C.C.E., 30 septembre 2015, n° 153.669

La prise en compte de facteurs individuels dans le cadre de l’analyse de l’alternative de protection interne.

Opposer l’alternative de protection interne à un demandeur d’asile ne peut se faire qu’en prenant en compte des facteurs généraux et individuels. L’alternative doit être raisonnable. Elle ne l’est pas si le demandeur est renvoyé vers une ville il n’a aucune attache ou point de chute, même s’il y a vécu par le passé.

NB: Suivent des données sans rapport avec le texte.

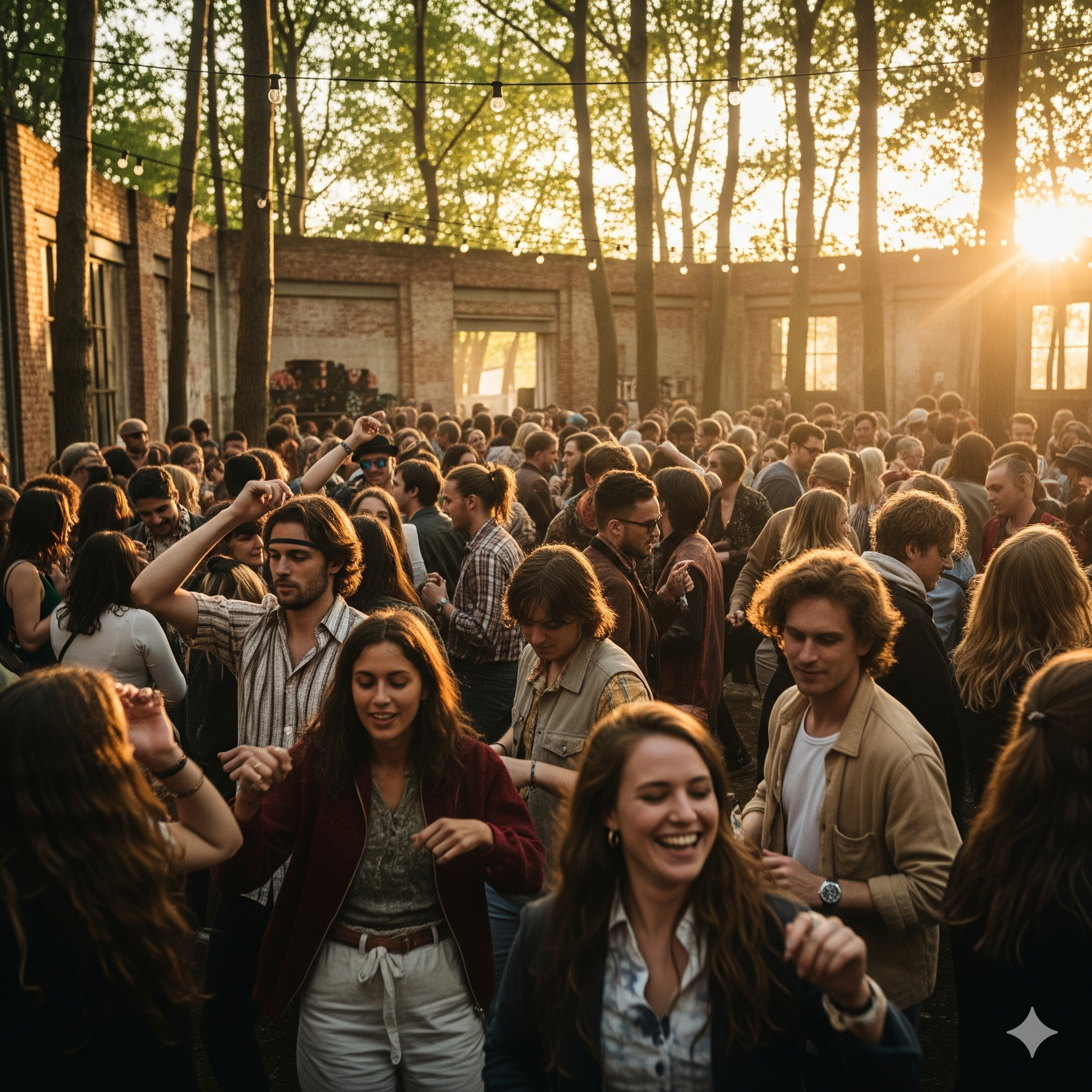 The 10 Best Electronic Music Festivals in the World (2025/2026 Guide) 2 A crowd dancing in an open-air setting at a European summer festival with a cool, underground vibe.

Loi 15.12.1980, article 48/5, §3, a et b – protection subsidiaire – alternative de protection interne – caractère raisonnable –  octroi de la protection subsidiaire.

A. Arrêt

Le CCE examine la demande formée par un requérant de nationalité congolaise ayant introduit une demande d'asile en Belgique en date du 17 octobre 2013. Il invoque être d’origine rwandaise par sa mère et originaire de Bukavu, dans l’Est du Congo. Il relate avoir travaillé comme joueur de foot professionnel au Mozambique, en Afrique du Sud, au Burundi avant de regagner Bukavu. Il expose avoir été accusé de collaborer avec le mouvement M23 suite à une visite d’un oncle à son domicile, oncle appartenant à ce mouvement.

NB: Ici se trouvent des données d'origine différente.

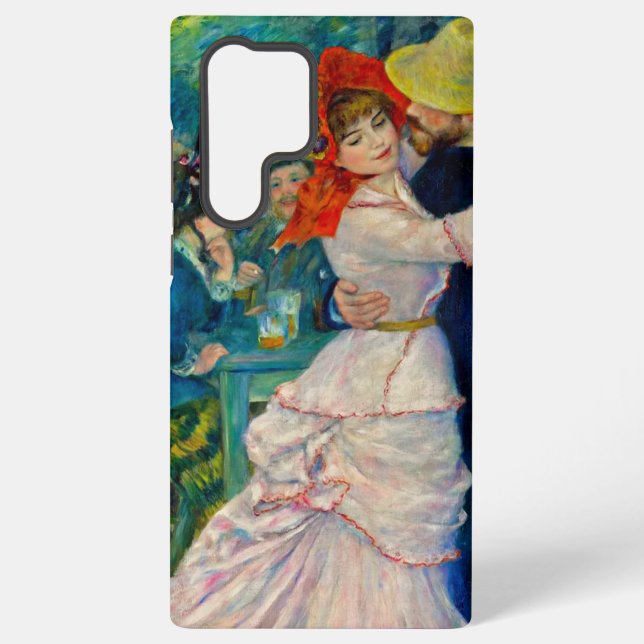 Dance at Bougival Pierre Renoir Samsung Galaxy S22 Ultra Case (Back)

Le CGRA prend une première décision de refus d’octroi de la protection internationale, concluant à l’absence de crédibilité du récit. Le CCE annule cette première décision et renvoie le dossier au Commissariat général estimant que celui-ci n’a pas suffisamment instruit le dossier quant à la réalité du vécu du requérant au Kivu. Celui-ci a indiqué qu’il avait vécu en Afrique du Sud entre 2009 et mai 2012 et n’être rentré au Kivu que pendant les vacances durant cette période. Le Conseil demandait également au Commissariat général de s’interroger sur la possibilité pour le requérant de s’installer ailleurs en République Démocratique du Congo qu’au Nord ou Sud-Kivu.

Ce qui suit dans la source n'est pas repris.